▶ _ASSIGNMENT_: Transcribe the data verbatim and drop its images.

▶ _RECORDED INFORMATION_:
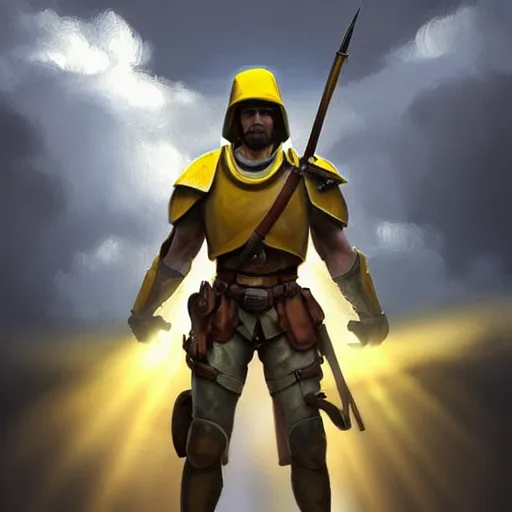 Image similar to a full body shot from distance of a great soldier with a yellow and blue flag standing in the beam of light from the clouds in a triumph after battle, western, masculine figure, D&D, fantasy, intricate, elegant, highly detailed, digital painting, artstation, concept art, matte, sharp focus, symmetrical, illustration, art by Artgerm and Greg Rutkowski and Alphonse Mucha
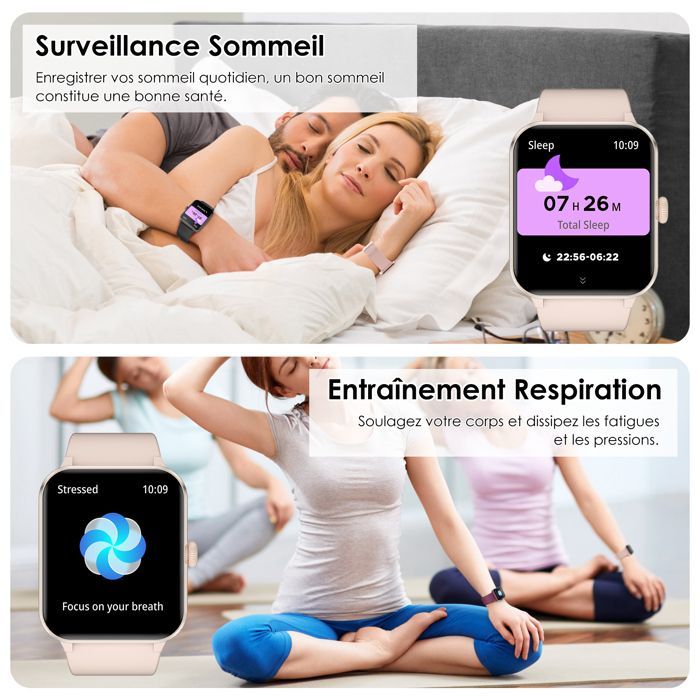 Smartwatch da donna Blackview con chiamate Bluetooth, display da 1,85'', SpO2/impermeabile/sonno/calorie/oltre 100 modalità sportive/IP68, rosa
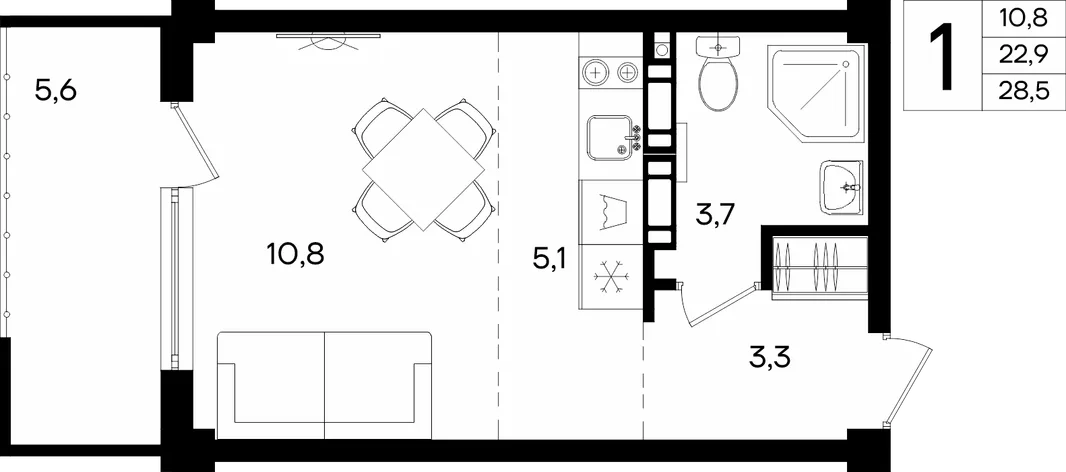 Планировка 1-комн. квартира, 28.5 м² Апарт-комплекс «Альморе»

▶ _RESULT OF THIS EXERCISE_:
 Image similar to a full body shot from distance of a great soldier with a yellow and blue flag standing in the beam of light from the clouds in a triumph after battle, western, masculine figure, D&D, fantasy, intricate, elegant, highly detailed, digital painting, artstation, concept art, matte, sharp focus, symmetrical, illustration, art by Artgerm and Greg Rutkowski and Alphonse Mucha
 Smartwatch da donna Blackview con chiamate Bluetooth, display da 1,85'', SpO2/impermeabile/sonno/calorie/oltre 100 modalità sportive/IP68, rosa
 Планировка 1-комн. квартира, 28.5 м² Апарт-комплекс «Альморе»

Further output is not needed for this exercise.